Nemechek, 38, climbed behind the wheel of Andy Petree Racing's Oakwood Homes Chevrolet at the beginning of last season, notching three top-five finishes and his highest-ever finish in the NASCAR Winston Cup standings. Known as "Front Row Joe" for his incredible qualifying prowess, the Lakeland, Fla., native has six poles in his career, and is almost always toward the front in qualifying. The two-time NASCAR Busch Grand National champion picked up one Busch win in 14 starts last season, maintaining his status as one of the winningest Busch drivers in the history of the series. 

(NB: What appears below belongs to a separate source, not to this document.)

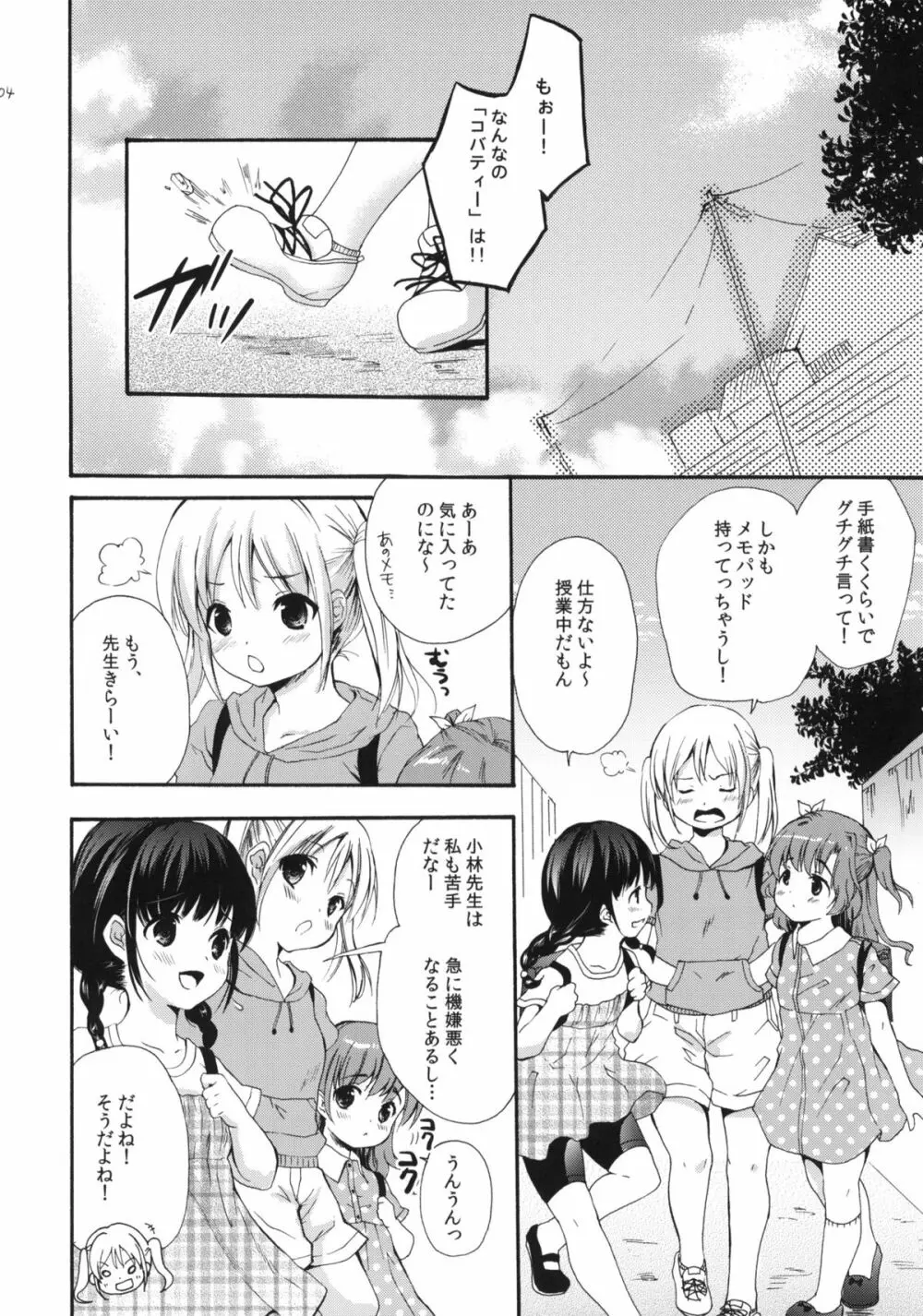 クラスのみんなには秘密のこと 1 Page.3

Chris Carrier, who serves as crew chief for the Oakwood Homes Chevrolet, is one of the brightest minds in the garage. Carrier took on the leadership role for Nemechek's team at the beginning of this season, and has been instrumental in developing a strong communication program with his team's Andy Petree Racing team mate, the Square D Chevrolet of Bobby Hamilton.

THE THOUGHTS OF OAKWOOD HOMES CHEVROLET DRIVER JOE NEMECHEK:
"A lot of Martinsville is being able to keep what you had to start with. The cars that lose the least, no matter what parts of the car you are talking about, are usually the ones you find up front at the end.
"Hold on to what you have. Hold on to your brakes. Hold on to your patience. Hold on to your sheet metal. Hold on to your temper. Do all of those things, and with a little bit of luck, you could
have a pretty good day at Martinsville. Start losing any of those, especially early in the race, and it could be a pretty long day.

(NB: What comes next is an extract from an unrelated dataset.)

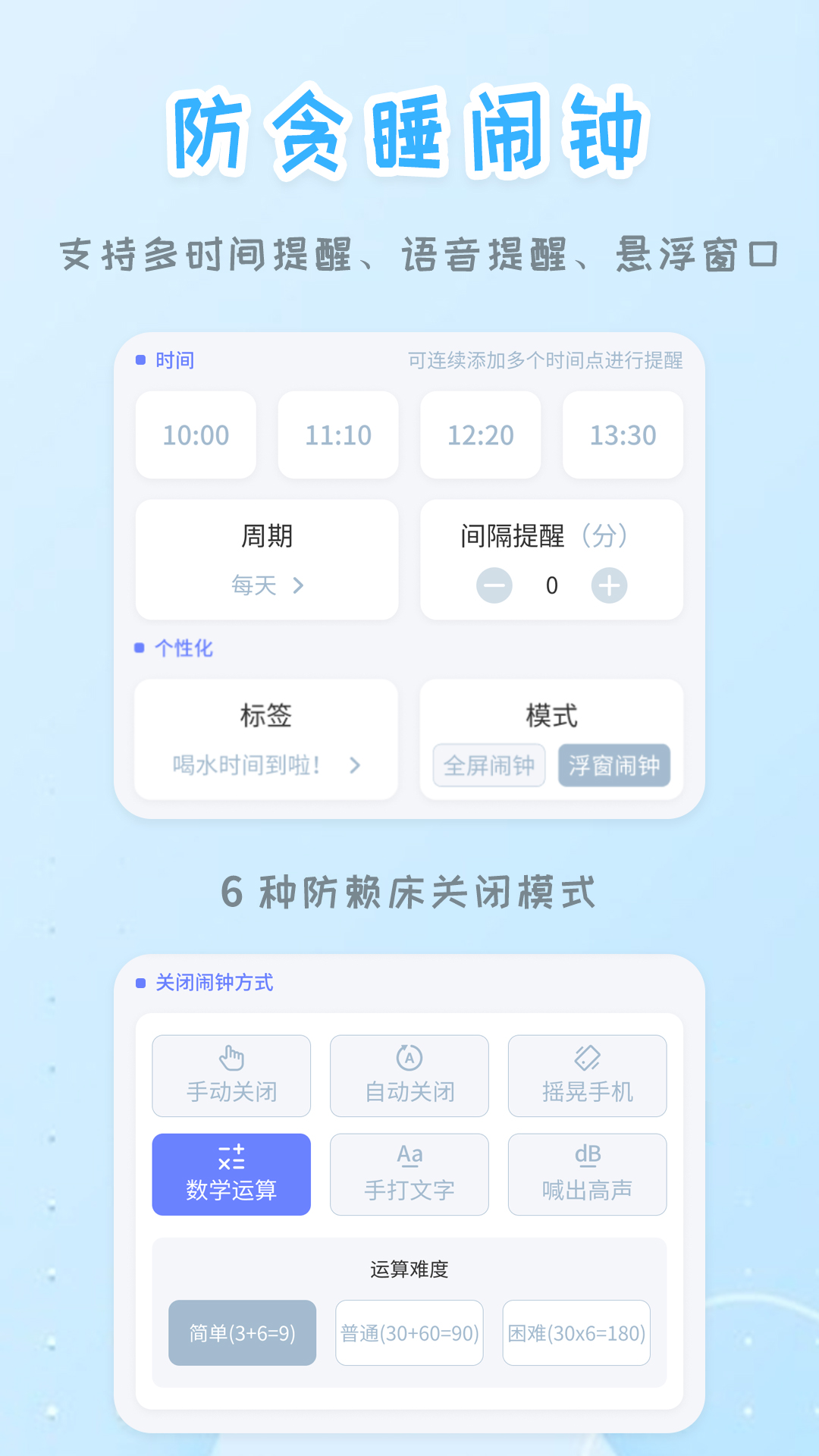 精彩截图-智能闹钟时钟2026官方新版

"The track is two dragstrips hooked up by a couple of paper clips. You are on the straight-aways for such a short time, the cars that can get through the turns the best and the fastest are going to be the successful ones. That's what you're trying to do all weekend in practice. You want to be able to get into that first and third turn hard - but not hard enough to wear on the brakes - and be able to get back on the gas the quickest without being too loose coming out of two and four. If you can do that, you're going to be tough to beat.
"Luck's a big deal at Martinsville. That's either going to be really good for us or really bad. We're due some good luck, and Martinsville is a place where that sure could come in handy. Then again, if our luck holds steady where it is now, it could be a long day at Martinsville.

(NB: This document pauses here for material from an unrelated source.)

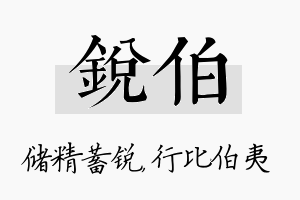 锐伯名字的寓意及含义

"You make your own luck a lot of times. Qualify well and stay up front, that solves a lot of problems really quickly. It's still a tough track to race but running up front makes life a whole lot easier."
THE THOUGHTS OF OAKWOOD HOMES CHEVROLET CREW CHIEF CHRIS CARRIER HEADING INTO MARTINSVILLE:
"You really need to keep the fenders on the car. It might not be the all-important deal it is at a Talladega or something but you still want to keep as much of the car on the car in all of the right places as you can. All of those pictures you see of guys in Victory Lane holding nothing but a bumper might be cool to look at but that's not the best way to be there. Dings and doughnuts aren't as big a deal but you still need to keep as much of the car on your car as you can. 

"The main thing is keeping the fenders off the tires. You might be able to beat and bang for a little bit but if those fenders come down on the tires, you're in the pits and you've lost two or three laps pretty quick. The other thing is keeping the crush panels from bending or anything. Enough beating and banging and you get a hole in them, and that's going to be rough on the driver when those fumes from the brakes and engine start coming in.
"Brakes are still a big, big deal. They are a whole lot better on these cars than they were 20 years ago and there are all kinds of new ways to keep them cooler than there were 20 years ago, but you can still burn them up pretty easy. Even if you keep them on the car, you have to go easy on how much you use them. Use them too much and you build up a lot of heat. That heat can raise the temperatures on the tires, making them grow (inflate) more. Then your car is chattering in the corners so you have to use more brake, which generates more heat and creates bigger and bigger problems.

"Taking care of your equipment is the deal at any race but it really comes into play at Martinsville. You have a little bit more sheet metal leeway than you do at some tracks but it's still really important."